Reason to RAG: Optimizing Dynamic Agentic Retrieval with LLMs and GRPO-RL

Author: Fausto Albers

Date: 2025-02-13

Abstract

Retrieval-Augmented Generation (RAG) has become a powerful partner for augmenting Large Language Models (LLMs) with external information at inference. Traditional RAG systems rely on naive embedding-based retrieval, which often fails to retrieve optimal chunks for a given query. While Agentic RAG offers a solution, it requires self-improvement capabilities to manage increasing complexity. This agentic framework combines programmatic prompt engineering with model parameter updates. The recently introduced GRPO algorithm by DeepSeek enables Reinforcement Learning (RL) using arbitrary reward functions, without requiring Human Feedback or a separate critic-model.
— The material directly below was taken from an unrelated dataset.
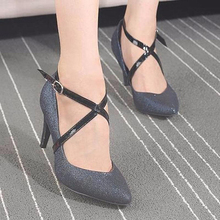 Очаровательные женские удобные кожаные туфли креативного дизайна с ремешком на щиколотке, Дамские кружевные туфли на завязках, свободные туфли на высоком каблуке 2024 - купить недорого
In this work, we introduce a novel reinforcement learning approach that redefines RAG as a retrieval problem rather than a generative one. By framing retrieval as a closed-domain task—where the ground truth is a discrete set of chunk IDs rather than an open-ended text response—we suggest that RAG retrieval can be optimized through reinforcement learning. This makes it ideal for Group Relative Policy Optimization (GRPO), the algorithm recently introduced by DeepSeek in their R1 model training.

We propose a self-optimizing retrieval agent that applies GRPO-driven reinforcement learning to dynamically refine retrieval strategies, improving recall, precision, and multi-hop inference. To validate this, we construct a synthetic dataset tailored for RAG reinforcement learning and develop a structured reward mechanism that incentivizes correct retrievals and query decomposition. By leveraging distillation techniques, we expect that models trained with our method can outperform DeepSeek-R1 despite being orders of magnitude smaller, enabling local inference on commodity hardware at a fraction of the computational cost.
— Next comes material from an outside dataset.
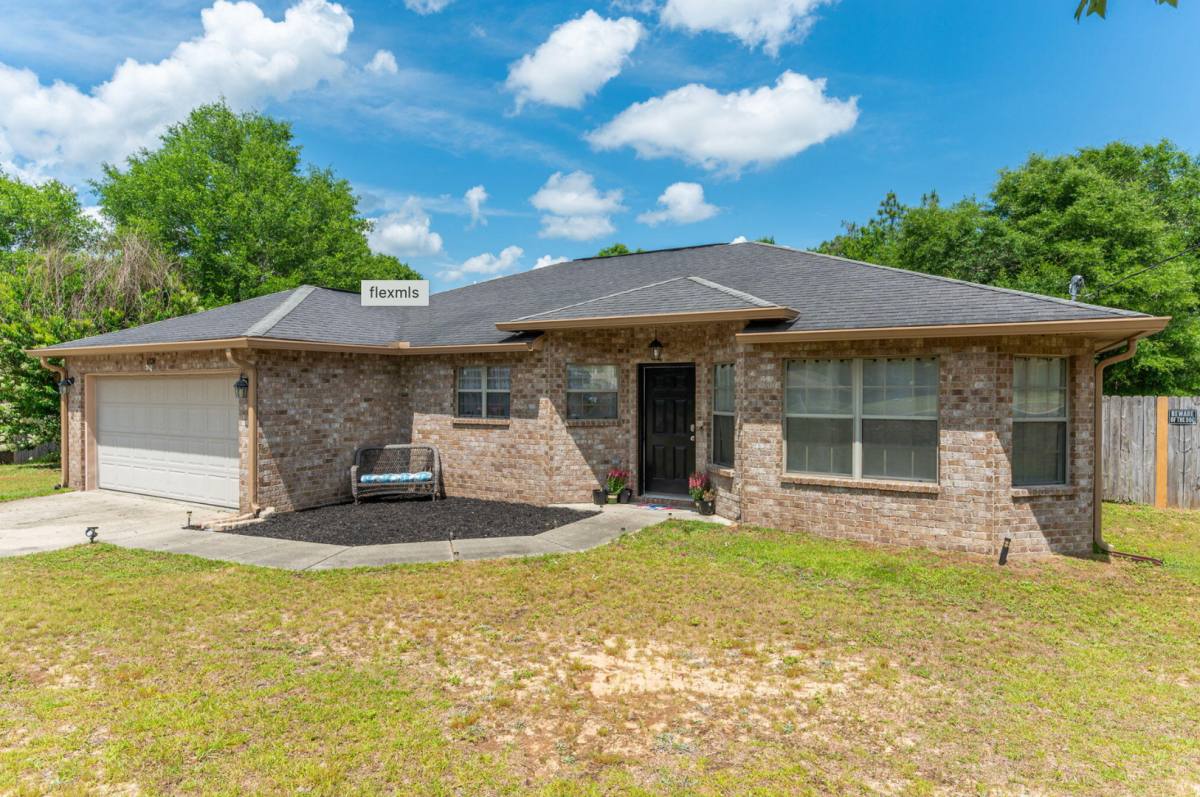 House for rent at 6229 Flash Lane, Crestview, FL 32536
As a case study, we focus on AI-assisted retrieval for service engineers diagnosing complex industrial machines, where accurate multi-hop retrieval is critical.

Introduction

The accuracy of a Large Language Model (LLM) in performing complex, multi-hop logical inference—particularly when the required information, including the complete answer, is partially or completely absent from its pre-training corpus—is significantly enhanced by integration with a Retrieval-Augmented Generation (RAG) system [1]. This enhancement depends on several critical conditions:

Premise Completeness: All premises necessary for logically deducing the correct answer must be available within the resources accessible to the RAG system.
Logical Sufficiency: The retrieved premises, in combination, must be logically sufficient to allow the LLM to derive the correct answer.
Effective Retrieval Process: The RAG system must employ a robust retrieval process, characterized by the following capabilities:
- (a) Query Analysis: The system must accurately determine whether the initial query requires decomposition into sub-queries to effectively retrieve all necessary information.
- (b) Decomposition: When necessary, the system must be capable of decomposing the original query into a set of logically connected sub-queries.
- (c) Strategic Routing: The system must possess the ability to route each sub-query to the appropriate database or knowledge source. This routing is contingent upon the system having explicit, structured knowledge of the content and organizational schema of each available database.

This research focuses on significantly enhancing the retrieval process, recognizing it as the most challenging and crucial aspect of RAG system design. We introduce the concept of Inference-Time Compute, referring to the computational resources and processing steps an LLM utilizes during the generation of a response, after the initial prompt is received. Increasing inference-time compute, analogous to giving the model more "time to think," can significantly improve reasoning capabilities.